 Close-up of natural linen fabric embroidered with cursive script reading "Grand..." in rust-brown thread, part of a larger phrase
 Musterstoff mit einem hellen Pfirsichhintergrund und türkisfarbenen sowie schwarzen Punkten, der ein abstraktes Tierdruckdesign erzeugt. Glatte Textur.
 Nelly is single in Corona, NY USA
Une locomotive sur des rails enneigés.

——————

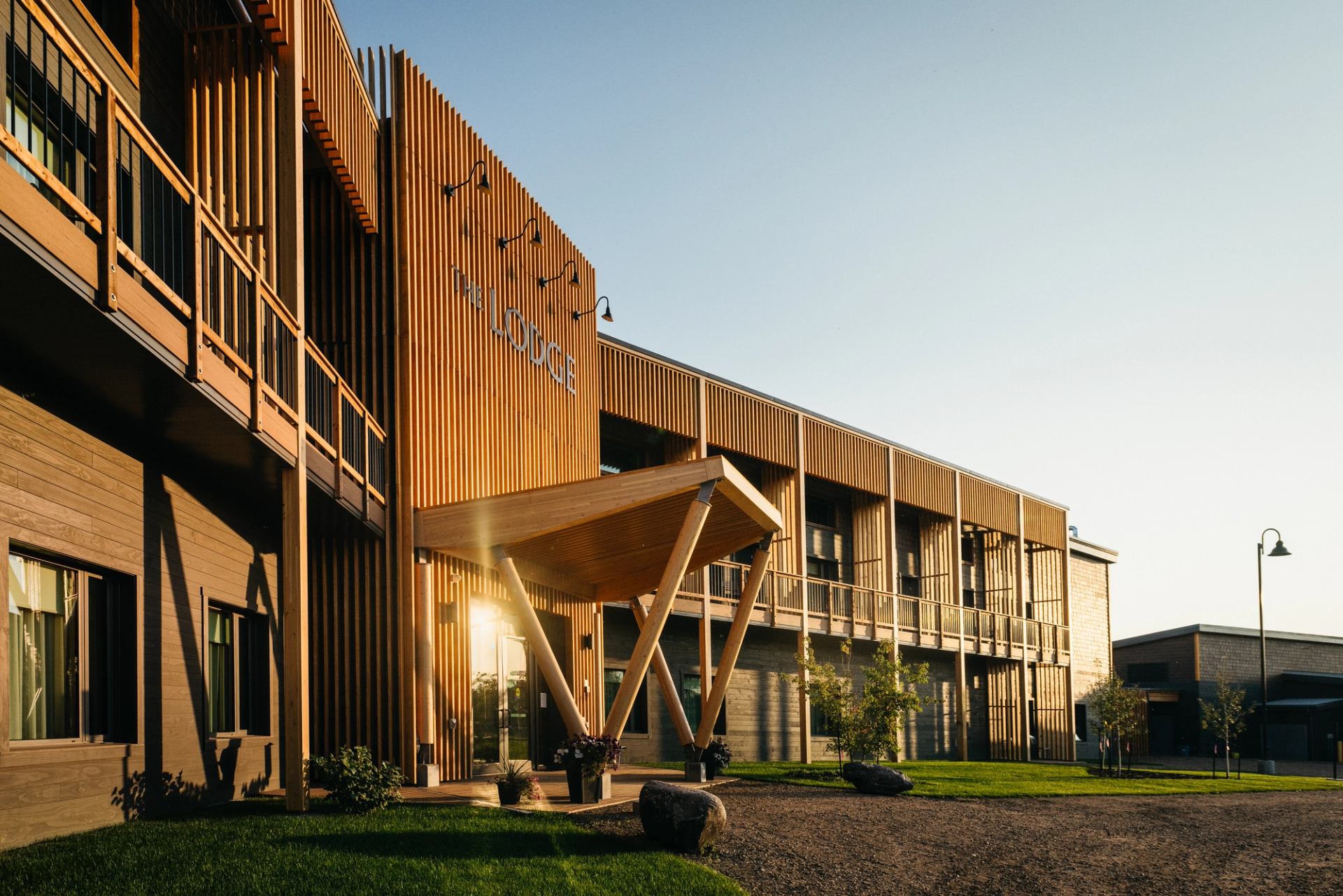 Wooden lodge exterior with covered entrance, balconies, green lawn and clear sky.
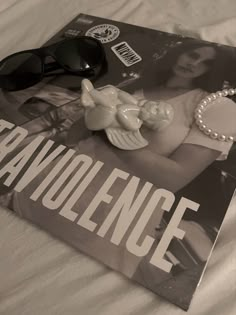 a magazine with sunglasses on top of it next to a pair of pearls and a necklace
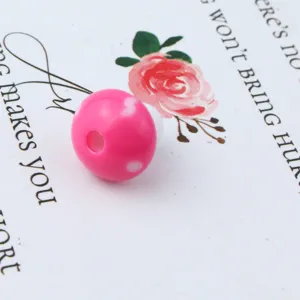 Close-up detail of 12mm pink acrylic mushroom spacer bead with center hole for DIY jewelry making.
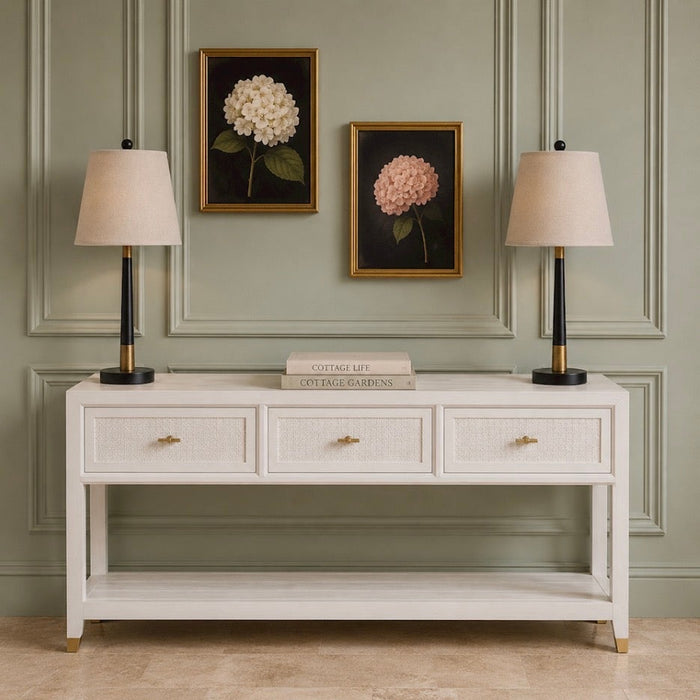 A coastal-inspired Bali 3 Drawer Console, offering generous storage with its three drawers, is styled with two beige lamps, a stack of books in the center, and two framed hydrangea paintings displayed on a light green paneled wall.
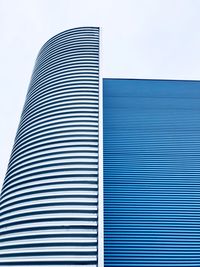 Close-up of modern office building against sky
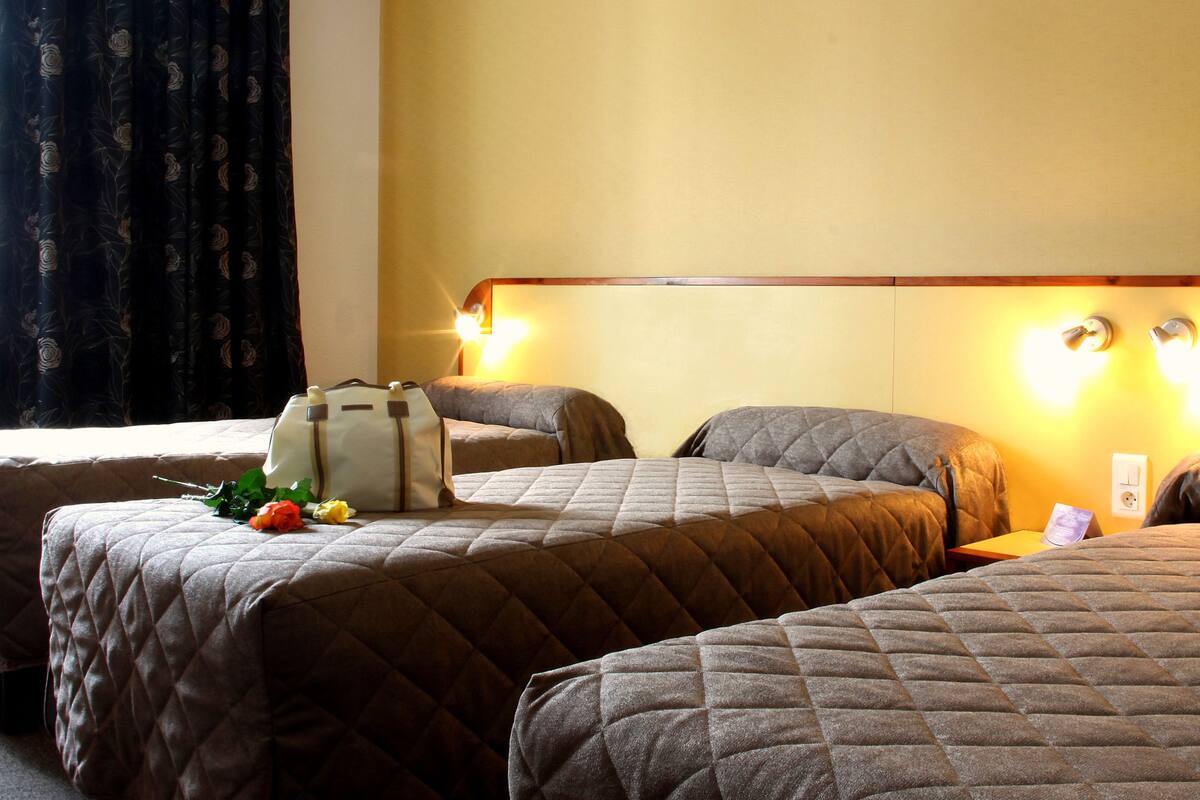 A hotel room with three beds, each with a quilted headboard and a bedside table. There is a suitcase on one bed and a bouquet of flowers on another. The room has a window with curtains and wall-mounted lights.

——————

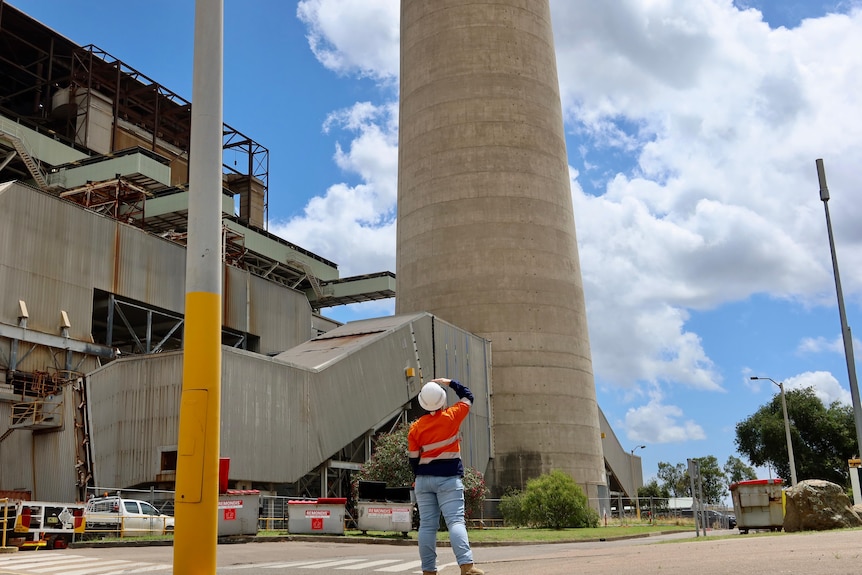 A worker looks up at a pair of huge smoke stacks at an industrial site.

——————

#### PROMPT
Copy out the listing above from the line containing "a magazine with" to the line containing "Close-up detail of", both included, exactly as written and minus the images.

#### COMPLETED TASK
 a magazine with sunglasses on top of it next to a pair of pearls and a necklace
 Close-up detail of 12mm pink acrylic mushroom spacer bead with center hole for DIY jewelry making.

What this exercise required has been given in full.